Москва. 24 мая, 10 часов утра
В окно влетел свежий ветерок, шевельнул занавеску, и Афанасий проснулся, обнаружив, что утро давно наступило. Обычно он вставал в семь, делал зарядку, потом спешил в столовую, если находился на базе, или шёл в кафе на Плещеева, располагавшееся от дома в пяти минутах ходьбы. Но вот уже второй день никуда не надо было торопиться, и организм неожиданно быстро расслабился, предлагая хозяину не париться и наслаждаться свободой на полную катушку.
Однако ложиться пораньше и вставать попозже ещё не означало отдыхать, и Пахомов начал подумывать о южных морях, решая, что лучше: российский Крым или Греция со Словенией. Ему дали неделю на размышления, но Афанасий так и не собрался всерьёз обдумывать сделанное предложение. Менять шило на мыло – службу в одной спецконторе на службу в другой – не хотелось.
Двадцать четвёртое… значит, гулять осталось всего пять дней. Куда податься, вот в чём вопрос? Быть или не быть отдыху?
Звонок мобильного прозвучал как ответ: да!
Афанасий усмехнулся, заставил себя встать, взялся за «медаль» айкома, лежащего на столе; мобильный у него был модный, размером действительно с медаль, и носить его можно было в любом кармашке, так как гарнитура – клипса наушника и «родинка» микрофона – легко прилипала к ушной раковине и к губе.
– Слушаю вас.
– Привет, внучек, – раздался в наушнике, который впопыхах воткнул в ухо Афанасий, голос деда, Геннадия Терентьевича. – Не разбудил?

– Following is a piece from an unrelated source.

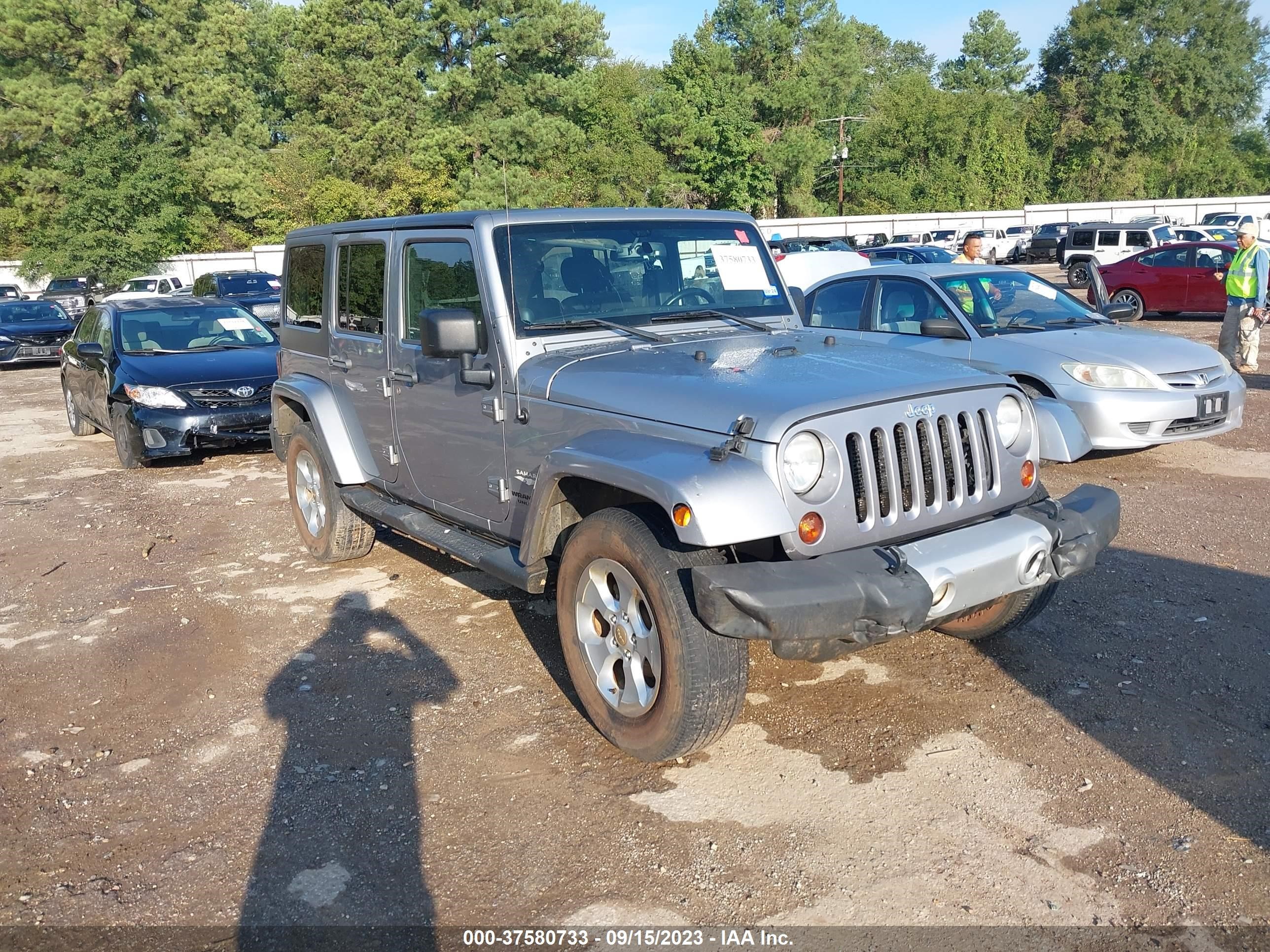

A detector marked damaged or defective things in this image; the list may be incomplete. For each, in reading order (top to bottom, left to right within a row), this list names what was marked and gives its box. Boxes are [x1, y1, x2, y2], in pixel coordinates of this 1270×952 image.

– Только проснулся, – со смехом признался Афанасий. – Я в отпуске, балдею, встаю, когда хочу. Рад тебя слышать, дед! Как здоровье, что нового изобрёл?
Деду исполнилось семьдесят пять, был он давно на пенсии, но как инженер и радиофизик по профессии продолжал заниматься творческими изысканиями, и его дом на окраине Судиславля, где и родился когда-то Афанасий, больше походил на мастерскую и на музей одновременно.
– На здоровье не жалуюсь, – бодрым голосом заявил Геннадий Терентьевич. – Да и чего на него жаловаться? Здоровье либо есть, либо его нет. Ноги ещё носят. Если ты в отпуске, так, может, навестишь старика? Покажу кое-что интересное.
Афанасий хотел ответить отказом, так как идея полететь на море уже развила бурную деятельность в голове, но вдруг заколебался. На родине он не был уже года три, и его тянуло в Судиславль всё сильнее.
– А знаешь что, дедуля? Приеду! – пообещал он не слишком уверенно. – Сегодня же. Давно детство не вспоминал. А что ты там наваял?
– В двух словах и не расскажешь, увидишь сам.
– Старый секретчик, – засмеялся Афанасий. – Привык блюсти государственные тайны. Надеюсь, не бластер какой-нибудь соорудил?
– Эта штуковина почище бластера будет, – самодовольно похвастался Геннадий Терентьевич. – Сам не ожидал, что получится. Голова у твоего деда ещё работает. Так точно приедешь?
– Соберусь и поеду, мне не перед кем отчитываться. Жди к вечеру.
На душе стало легче. Уже не надо было ломать голову над «проблемой морей», добывать билеты на самолёт, заказывать гостиницу, а отдых на родине никогда не тяготил. Всё-таки восемнадцать лет Афанасий провёл в родных стенах отцовского (точнее, дедовского) дома, о чём у него сохранились самые тёплые воспоминания. Захотелось побродить по улочкам окраины городка, сходить в лес, на речку, попариться в баньке, проведать старых школьных товарищей, с которыми когда-то с упоением играл в футбол. Многие из них так и остались в Судиславле, окончив местные учебные заведения, а то и просто отыскав работу без всякого образования.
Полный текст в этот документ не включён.